I recently set up Azure AI Foundry for a project and picked up a few things along the way that I wish I’d known sooner.
OpenAI-Compatible Endpoints
The first surprise was that you don’t have to use the Azure SDK to talk to models hosted on Foundry. The service exposes OpenAI-compatible endpoints, which means you can plug it into any client that speaks the OpenAI API — chatbot frontends, CLI tools like opencode, or your own apps. Just point the base URL to your Foundry endpoint and use your Azure API key. No Azure-specific integration code needed.
One Endpoint, Multiple Models
Another nice thing is that a single Foundry API endpoint can serve different models. You don’t need to set up separate deployments with separate URLs for each model. You specify which model you want in the request, and the endpoint routes it accordingly. This makes it much easier to experiment with different models without changing your client configuration every time.
Chat Completions vs Responses
This one tripped me up briefly. Azure Foundry supports both the Chat Completions API and the newer Responses API. Chat Completions is the familiar /chat/completions endpoint — you send a list of messages, you get a response back.
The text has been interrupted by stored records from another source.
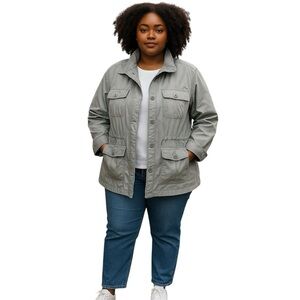 Garnet Hill Jacket Womens 16 Taupe 100% Cotton  Cargo Pockets Minimalist‎ Coat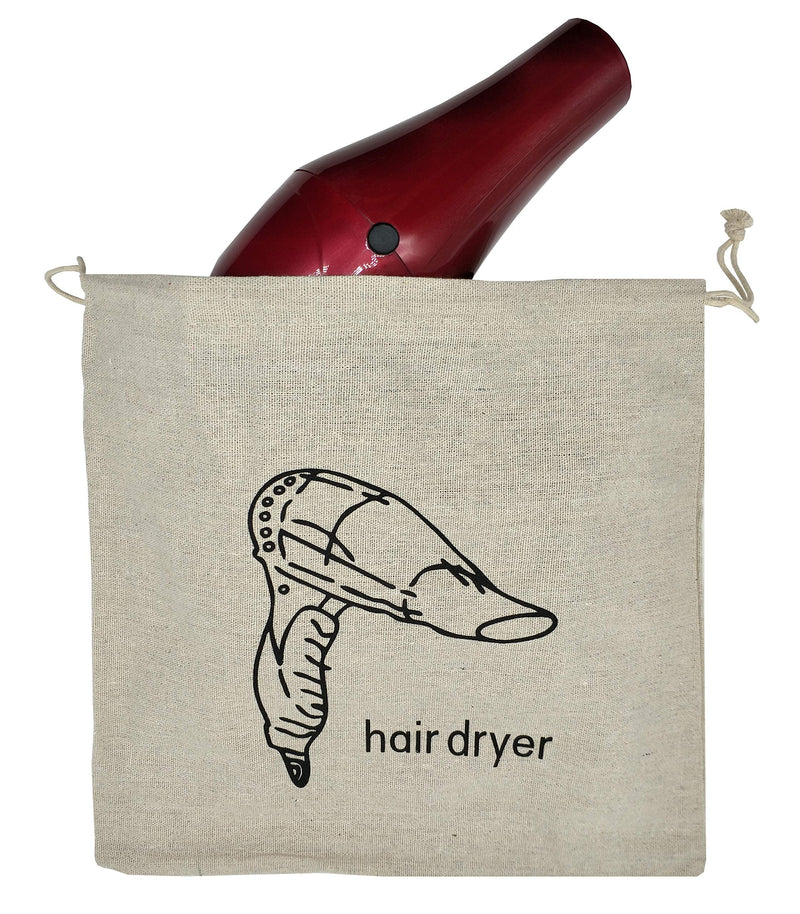 [Australia] - Sanrich 2 Pack Hair Dryer Burlap Bags Drawstring Hotel Storage Bag 12" X 12" 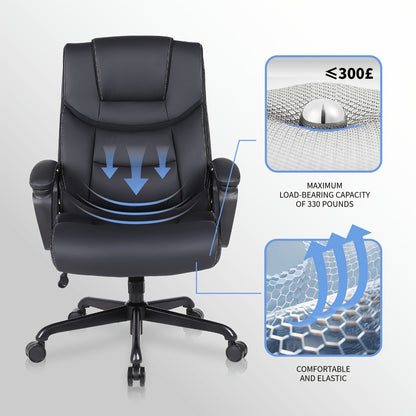 Bureaustoel – Ergonomische Stoel – Kantoorstoel – Office Chair – Draaistoel – Hoge Rugleuning – Memory Foam Zitting – Metalen Frame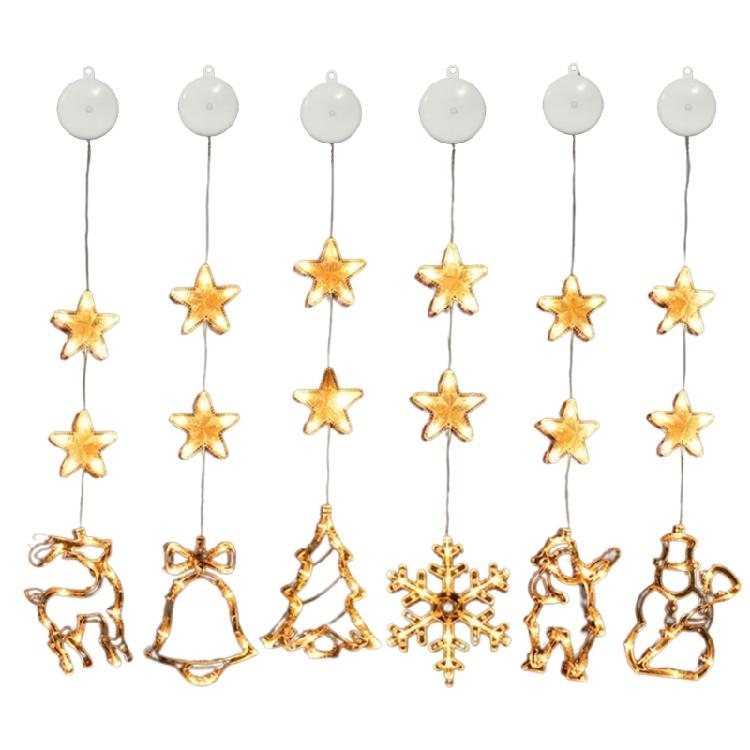 Seasonal Window LED Light Battery Operated Hanging Lamp for Christmas Home Decoration Stylish Holiday Window Adorment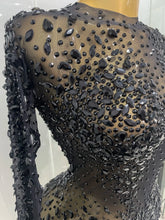 Load image into Gallery viewer, Shinny Rhinestone Stretch Mesh Transparent Dress
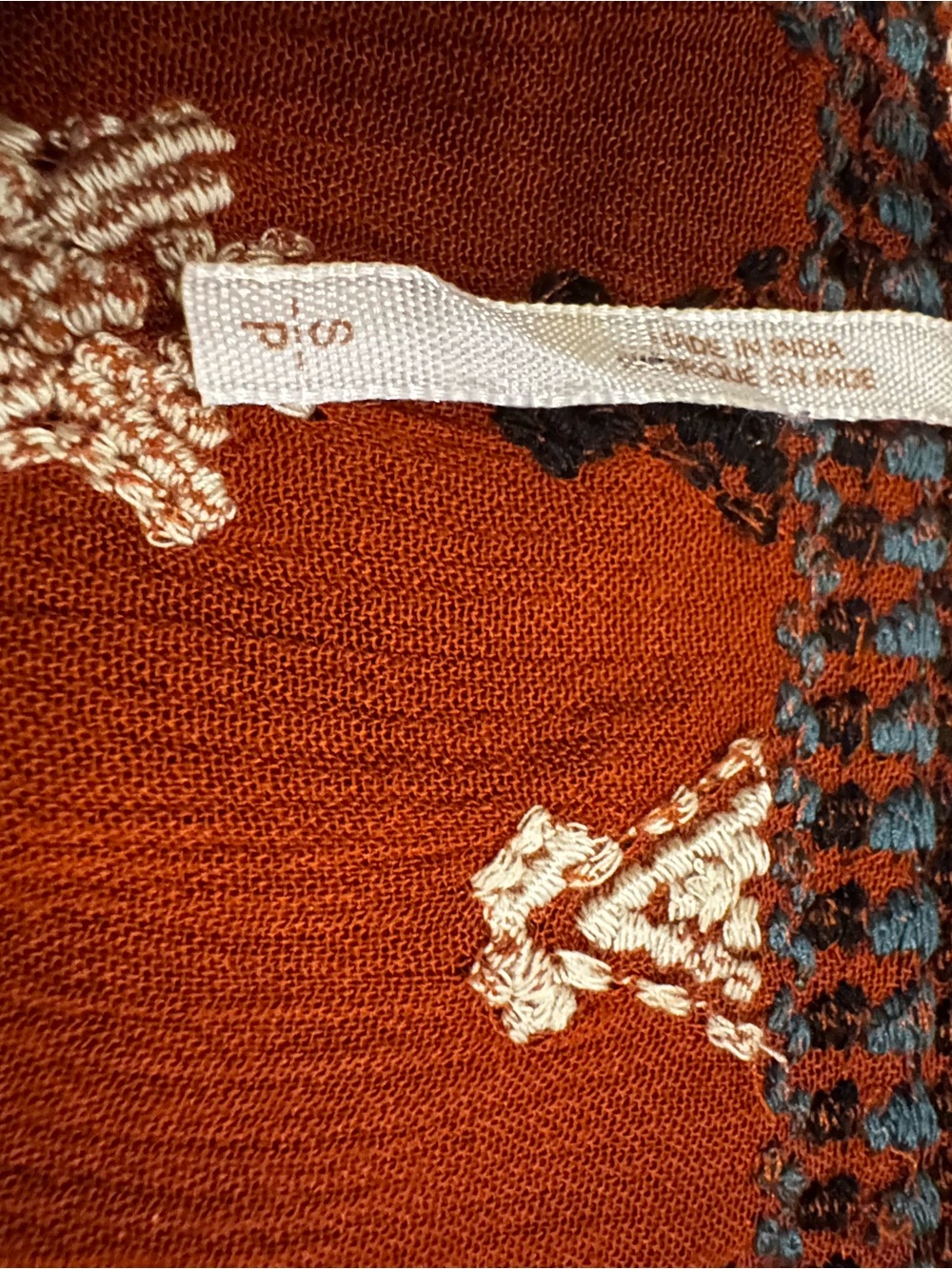 Free People Rust Embroidered Boho Mini Dress Size Small - Picture 10 of 13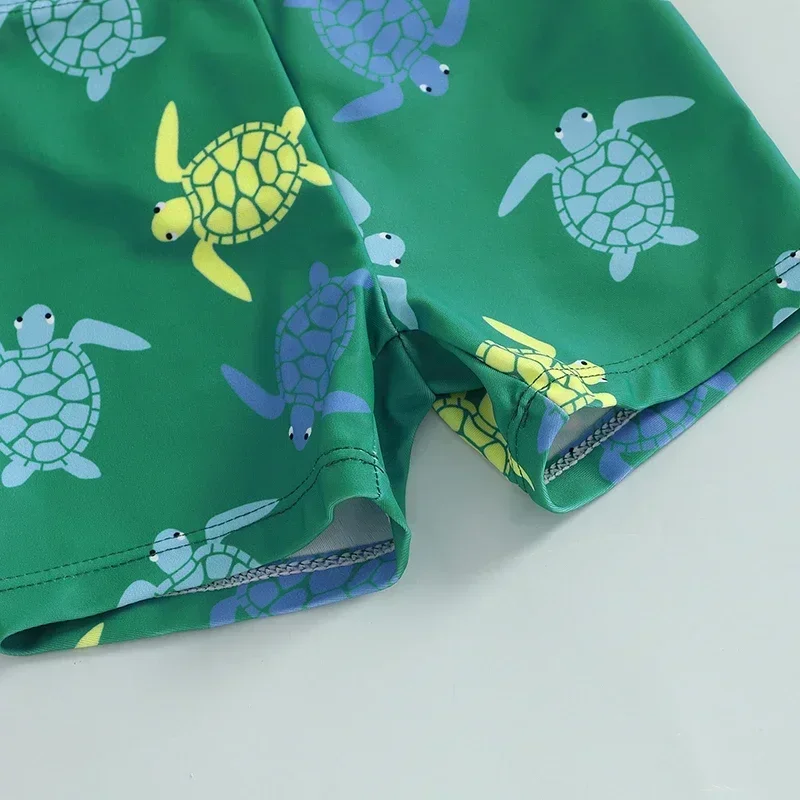 Toddler Boys Rash Guard Set, 3 Piece Swimsuit Suit, Short Sleeve Tops Turtle Print Swim Trunks Swim Cap Bathing Suit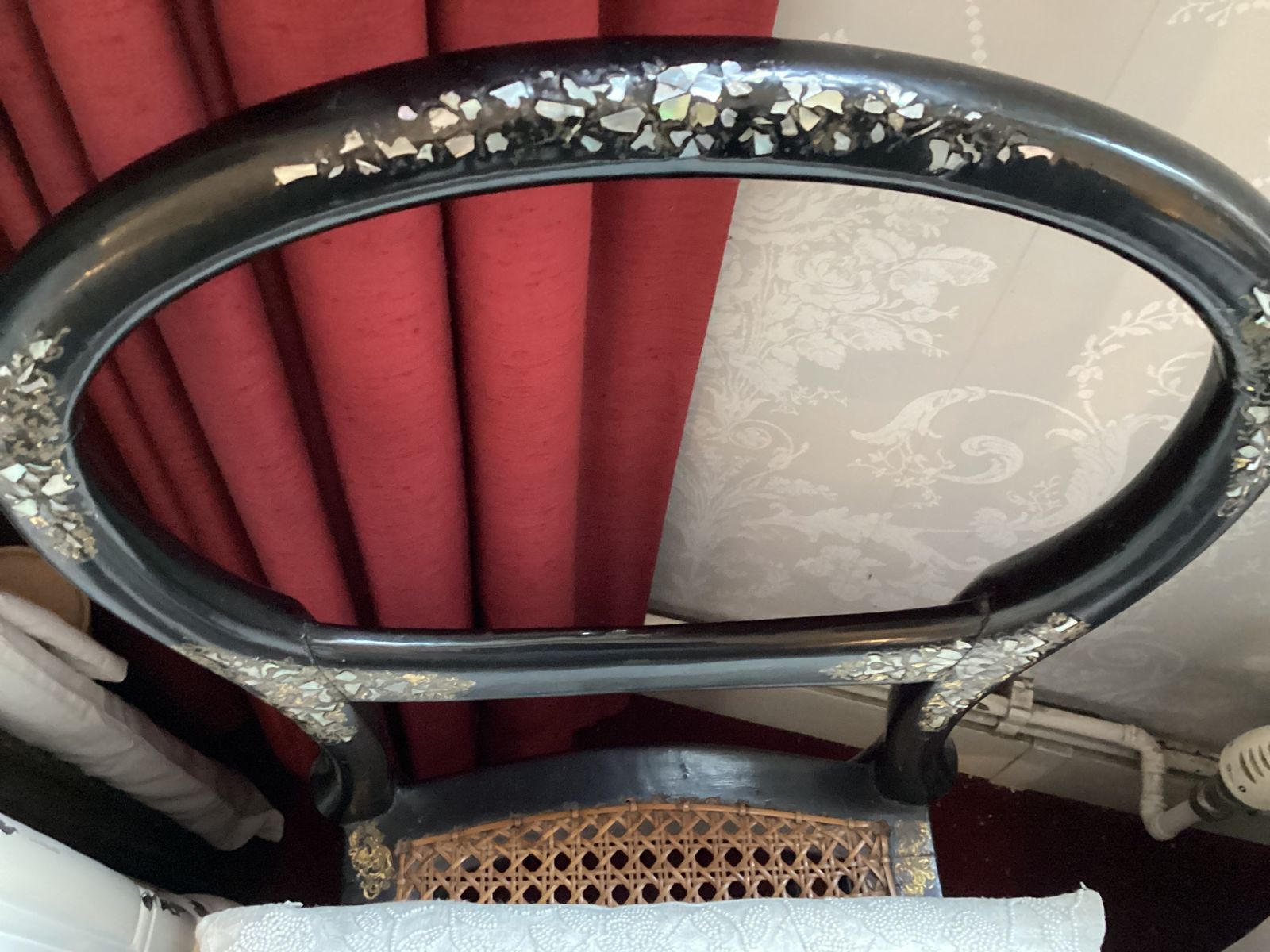 Regency/Victorian Rattan And Mother Of Pearl And Inlaid Pair Of Chairs. Excellent Condition. Hardly Used.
It’s stateless and straightforward.
The Responses API is newer and more powerful. It supports built-in tool use, structured outputs, and can maintain state across multiple turns. If you’re building something simple, Chat Completions is fine. If you need agentic behavior or richer interactions, the Responses API is the way to go.
One caveat: as of now, the Responses API on Azure Foundry only seems to work with OpenAI models. If you’re hoping to use it with other models hosted on Foundry, you’ll likely need to stick with Chat Completions for those.
Takeaway
Azure Foundry is more flexible than I expected. The OpenAI compatibility alone makes it worth considering if you’re already using OpenAI-based tooling and want to switch to Azure-hosted models without rewriting your client code.